Begin at the line that holds "Imagen de los" and retype every line through the end of the material, both included. Leave out the pictures.
[[ Recorded information, beginning ]]
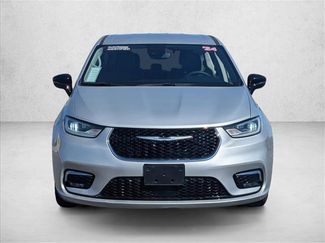 Used 2024 Chrysler Pacifica Select FWD video 2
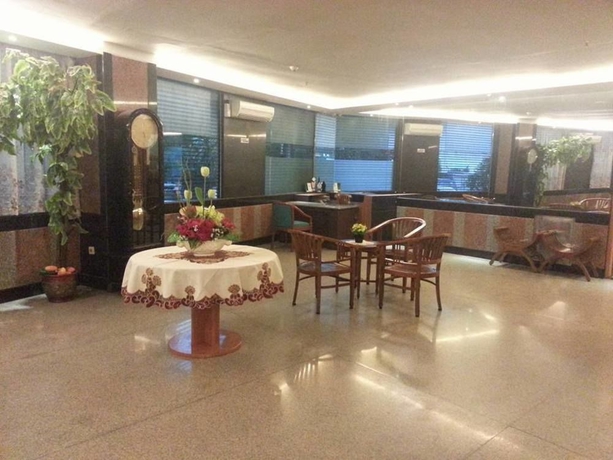 Imagen de los interiores del Hotel Plaza Harco Mangga Dua. Foto 12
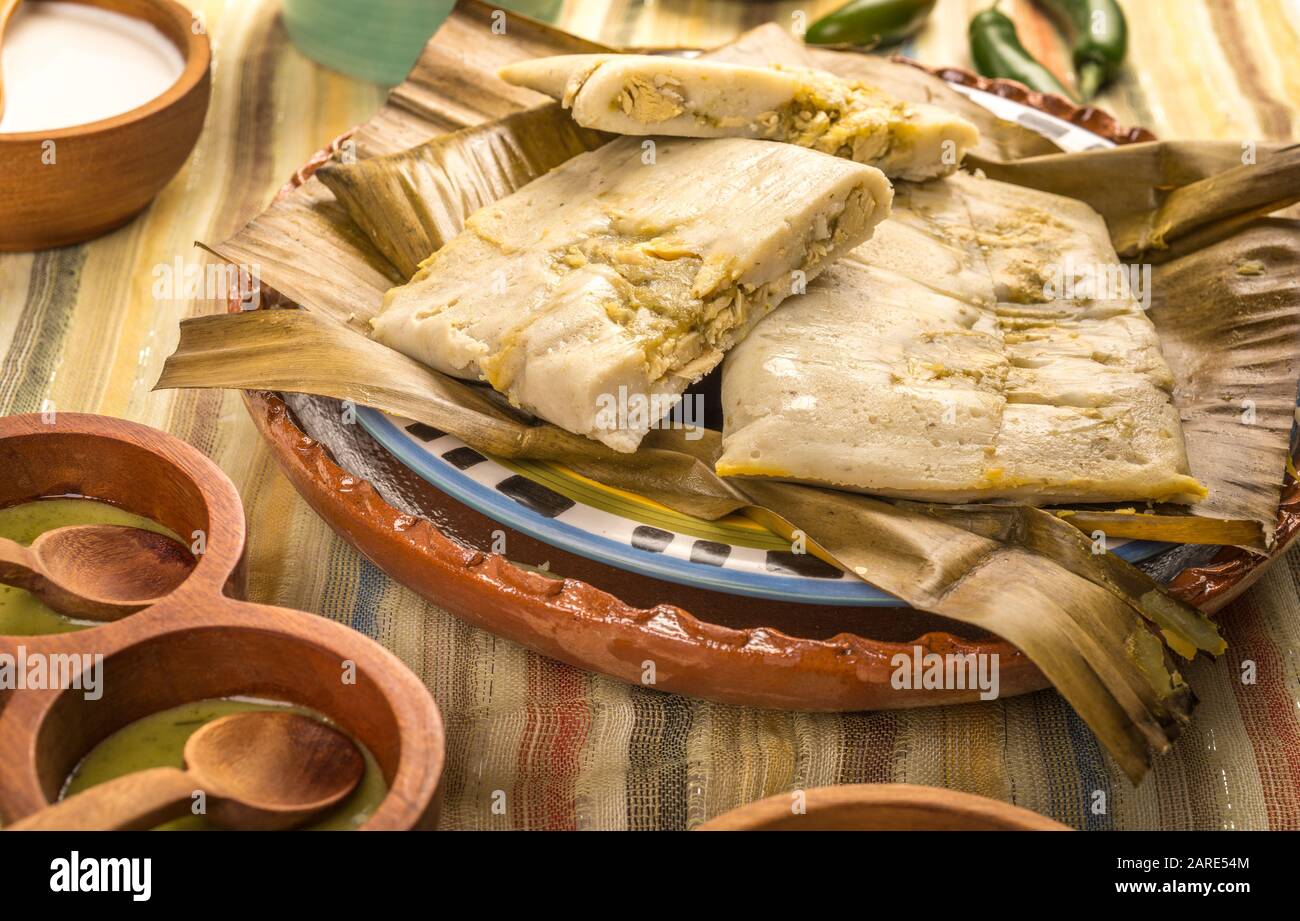 Tamales Oaxaqueños, plat mexicain fabriqué avec de la pâte de maïs, du poulet ou du porc et du piment, enveloppé dans des feuilles de banane. Banque D'Images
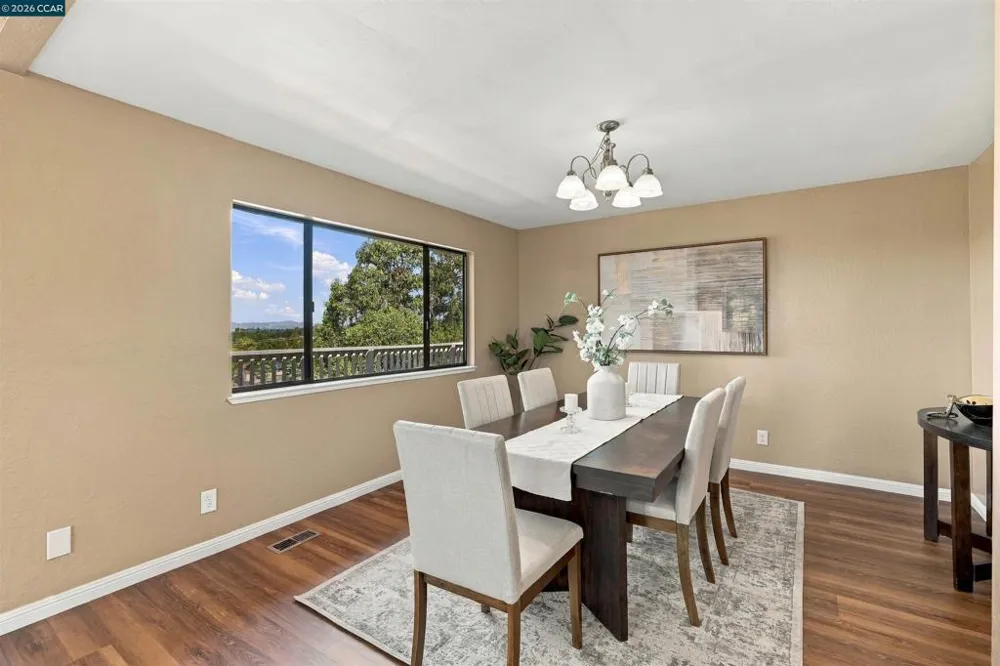 4082 Treat Blvd Concord, CA 94518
[[ Recorded information, end ]]
> **Solution to the problem**
 Imagen de los interiores del Hotel Plaza Harco Mangga Dua. Foto 12
 Tamales Oaxaqueños, plat mexicain fabriqué avec de la pâte de maïs, du poulet ou du porc et du piment, enveloppé dans des feuilles de banane. Banque D'Images
 4082 Treat Blvd Concord, CA 94518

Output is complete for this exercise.